● **ACTIVITY**
Starting with the line below that holds "E a Discovery descobriu os Águias…" and stopping after the line that holds "How Coursework Help", transcribe the lines exactly, leaving out all pictures.

● **DATA FOR THIS EXERCISE**
::::

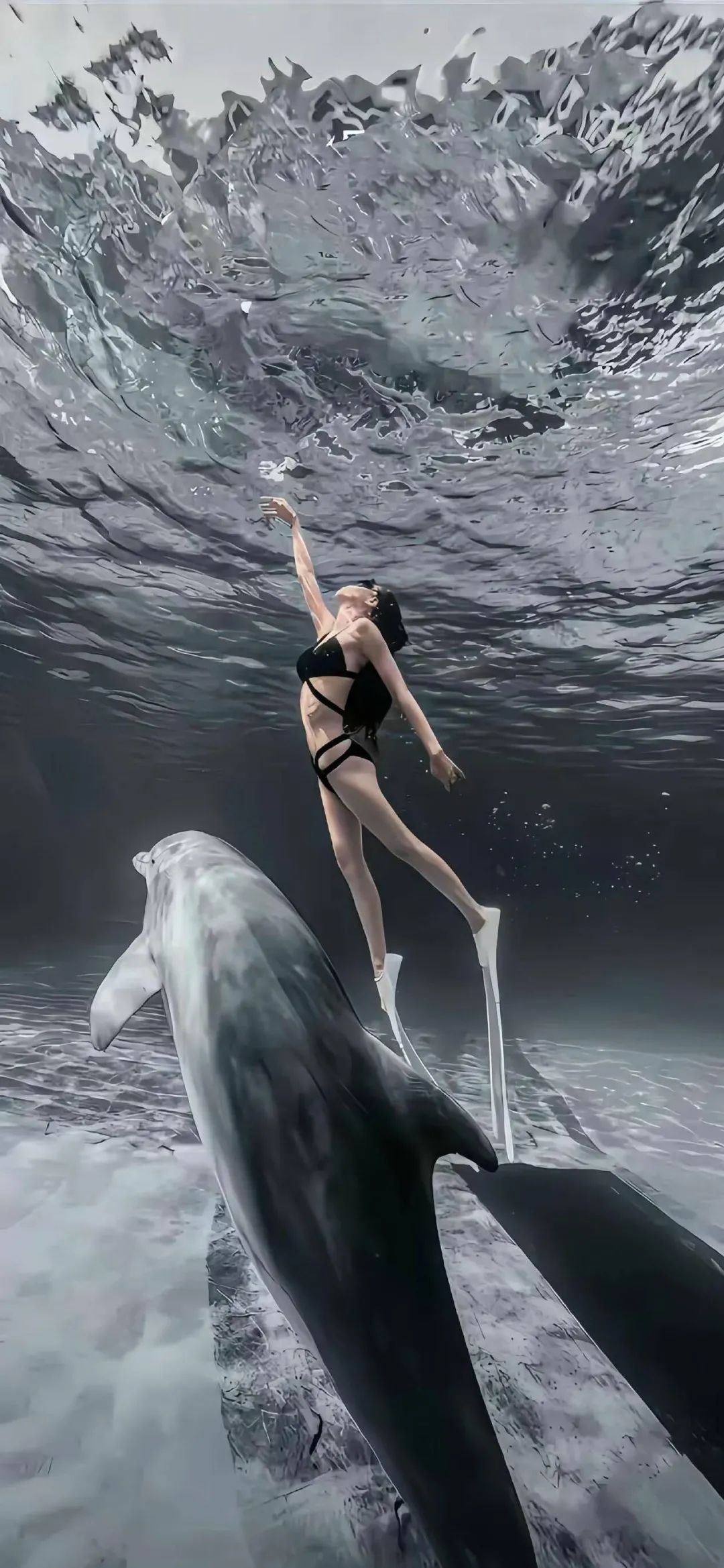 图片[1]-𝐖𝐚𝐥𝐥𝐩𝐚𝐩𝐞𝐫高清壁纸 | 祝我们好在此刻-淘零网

::::

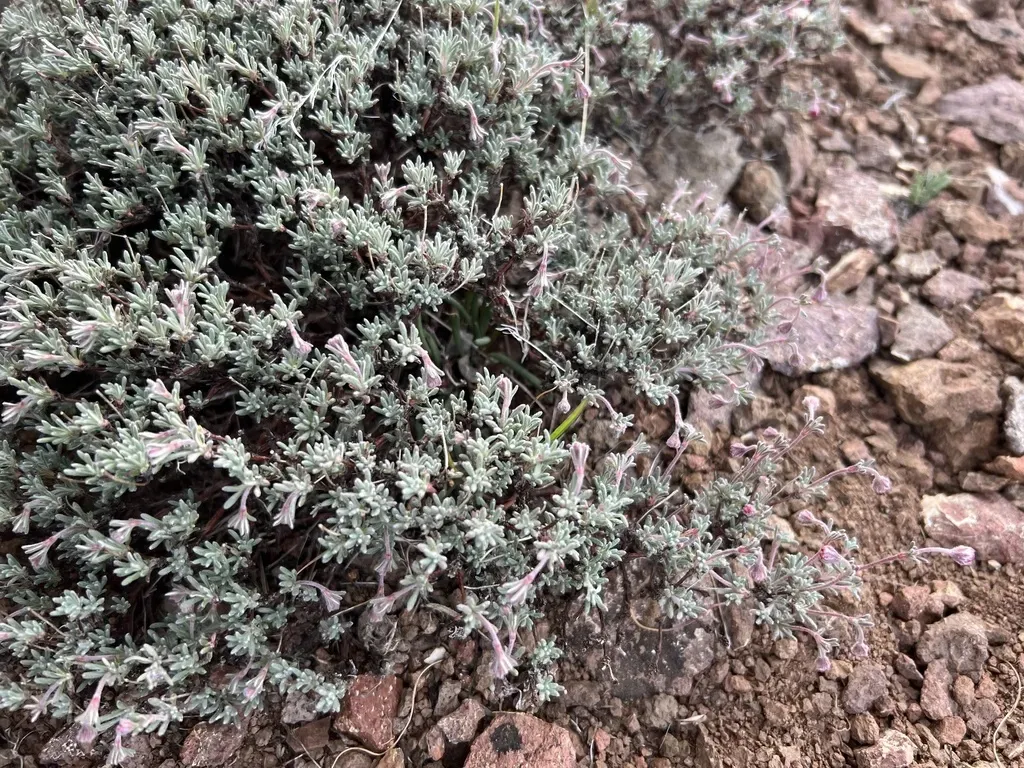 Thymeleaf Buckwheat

::::

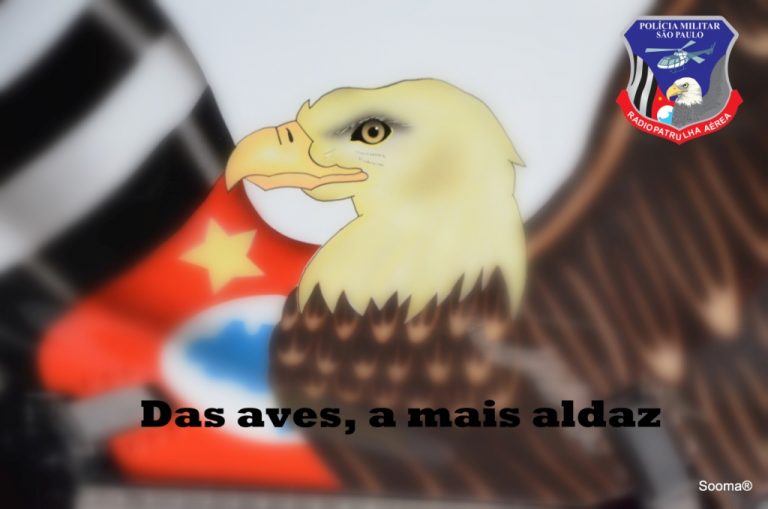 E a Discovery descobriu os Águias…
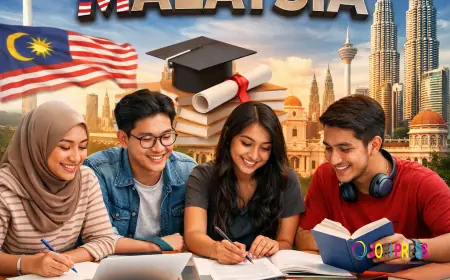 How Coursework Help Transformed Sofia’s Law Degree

::::

● **REPLY TO THE TASK**
 E a Discovery descobriu os Águias…
 How Coursework Help Transformed Sofia’s Law Degree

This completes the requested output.